Tentei parecer forte durante algum tempo. Mas num desses fatídicos dias deitei no colo da Arlene e chorei um copioso e amargo choro, como pelo que me lembro, nunca chorei na frente de uma outra pessoa. Situação aviltante! Porque nos remete a um tipo de sentimento que é impossível não ter sentido antes e que talvez seja dos sentimentos que mais nos fragiliza: a perda.

Elementar que sei que minha cadela não irá durar para sempre, mas gostamos de tentar burlar o inevitável, uma tentativa insana de enjaular o azar. Como já pensei antes que não iria terminar com algumas – poucas – pessoas com a qual me relacionei crendo que eram “a garota”, ou como acreditava que iria passar no primeiro vestibular que fiz sem ter estuda o suficiente, igualmente que meus avós iriam viver sempre comigo ou que minha primeira banda de adolescente estaria sempre junta, sem nenhuma Yoko Ono ou lutas de ego tolas.

Pensamos em nossas perdas no limite. Somos empurrados a isso numa espécie de apocalipse pessoal e quando tais reflexões nos remetem à nossa própria finitude tais perdas são ainda mais traumáticas. Quem, por exemplo, já sofreu acidente de carro sabe bem o que quero dizer. Ou quando, confortavelmente, sentamos à mesa do nosso gerente de banco (aquele agiota oficial que sempre nos trata por “Sr” e oferece cafezinho) e acertamos os detalhes de nossa previdência privada. Por vezes, sem sacar, estamos sendo levados a responder a seguinte pergunta: “quanto tempo você acha que ainda vai durar?”.

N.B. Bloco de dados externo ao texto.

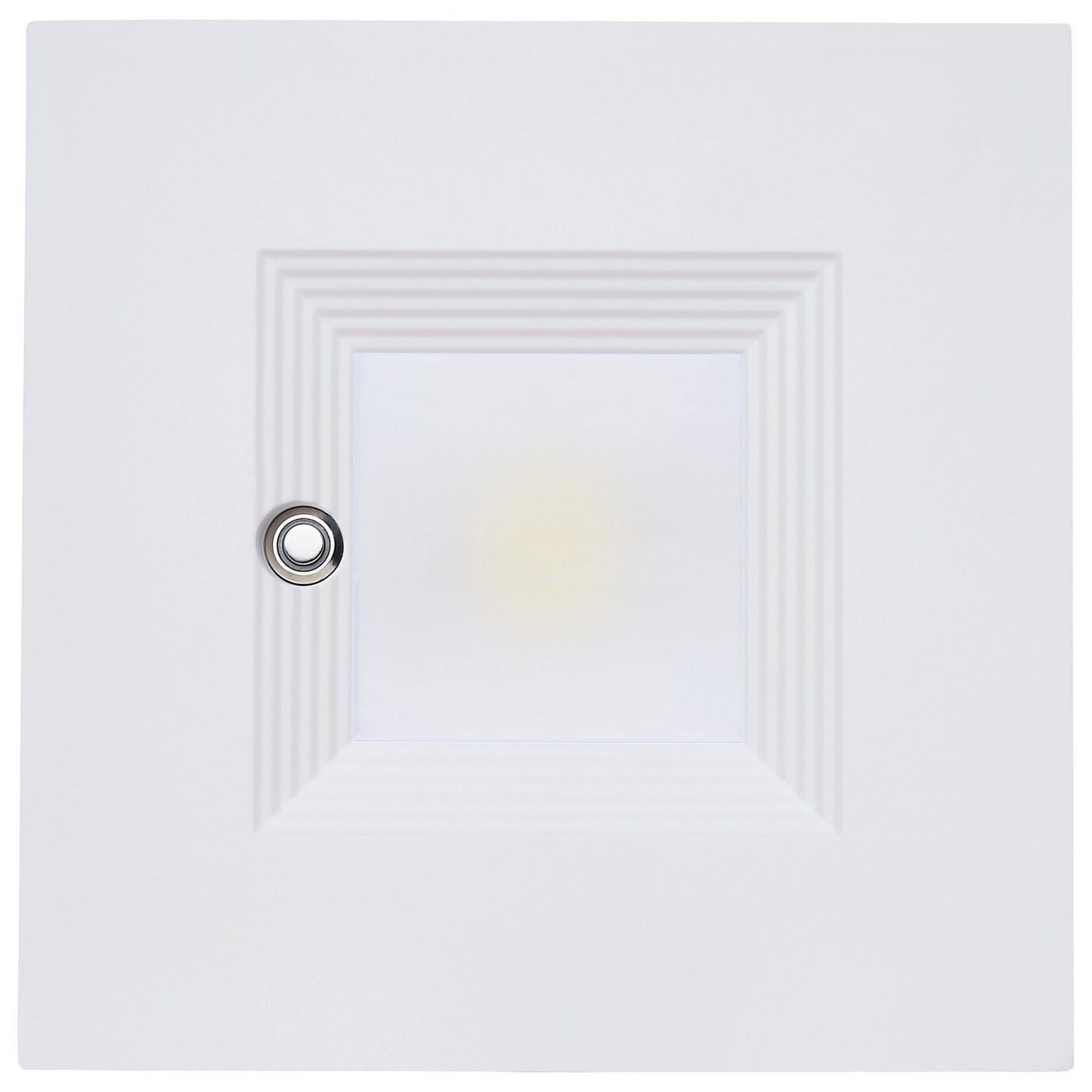 Nuvo Lighting-S21613|ALT|8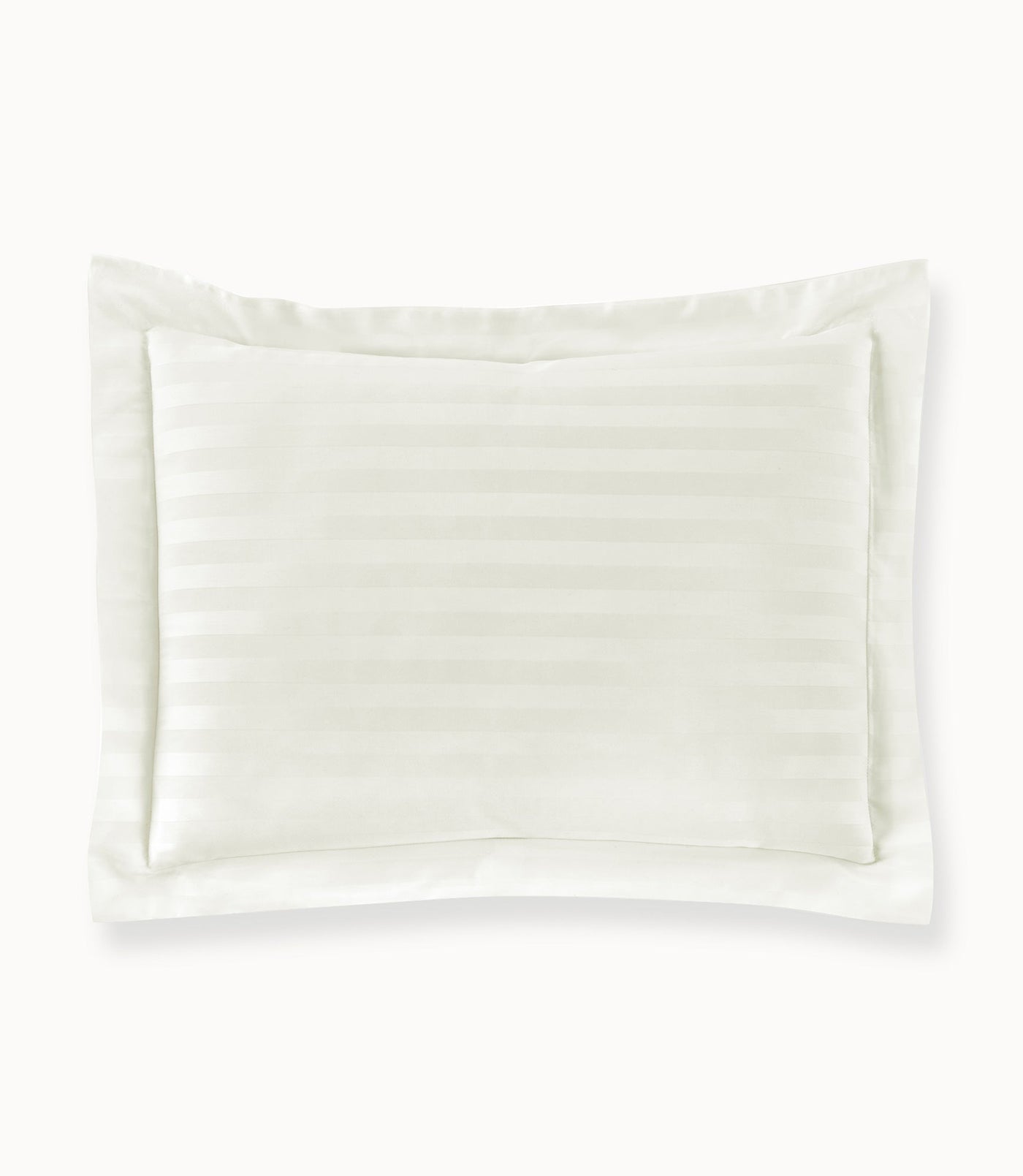 Duet | Pillow Sham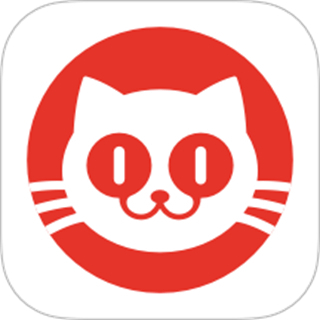 猫眼电影app v9.75.0安卓版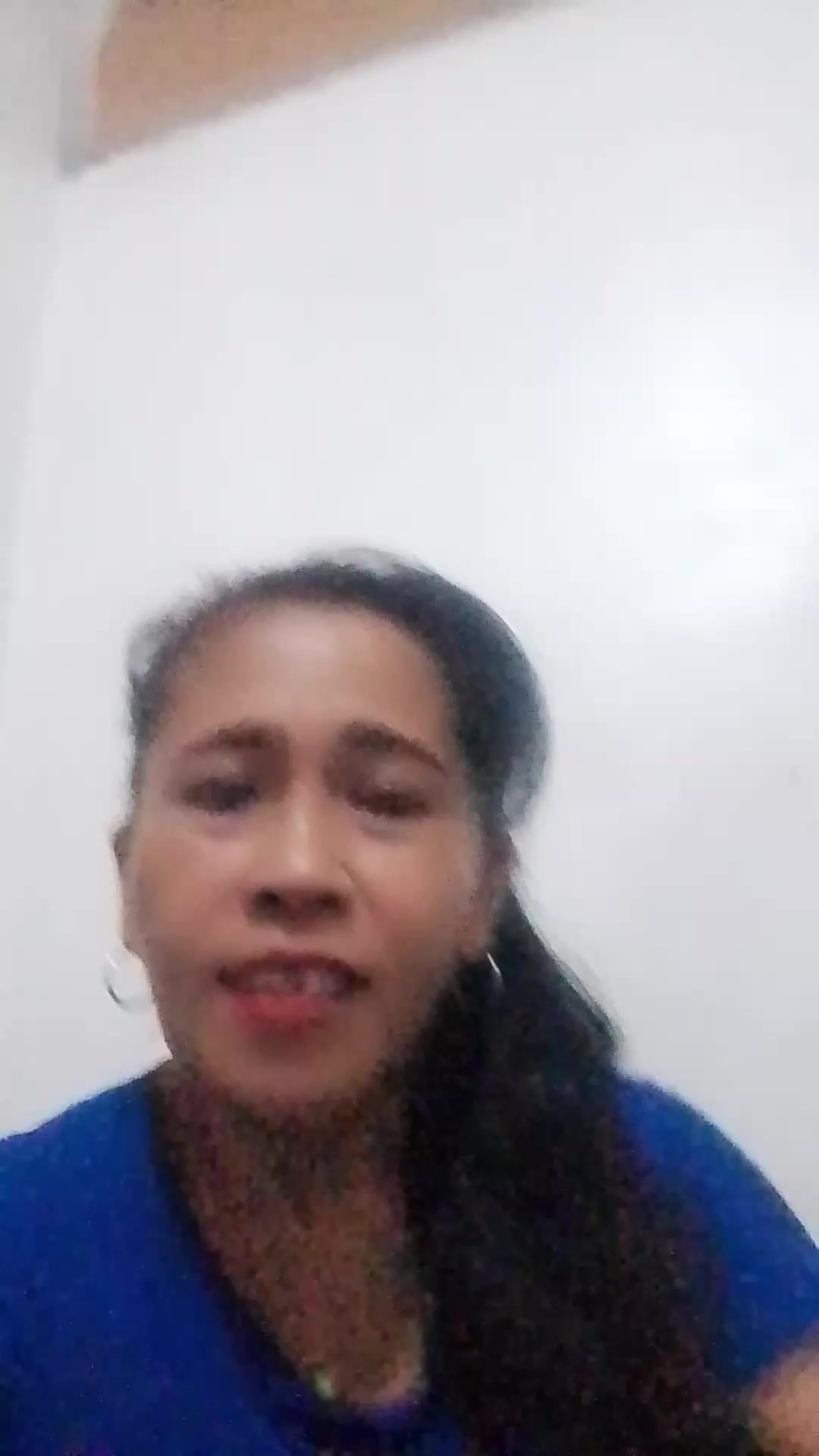 @aurora nuñez859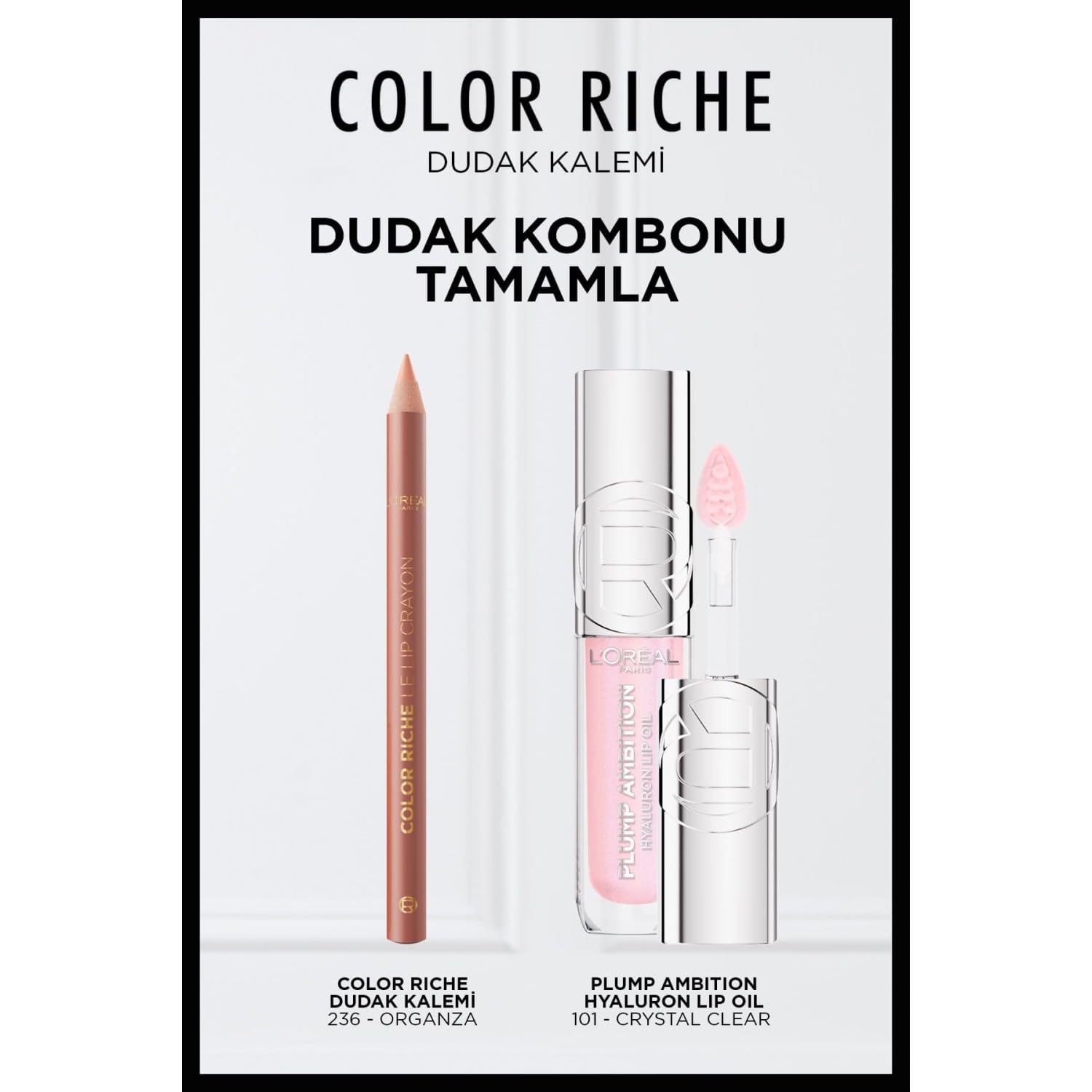 l-or-al-paris-color-riche-le-lip-liner-crayon-contour-l-vres-236-organza image 3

Mas, sem perder, o melhor é curtir o momento e não ficar teorizando acerca das coisas que ainda temos e, por conseguinte, ainda não perdemos. Quanto à Janis … A torcida e os antibióticos surtiram bom efeito e ela CONTINUA aqui onde eu gosto: esparramada no chão da sala olhando para mim e balançando o rabo enquanto escrevo.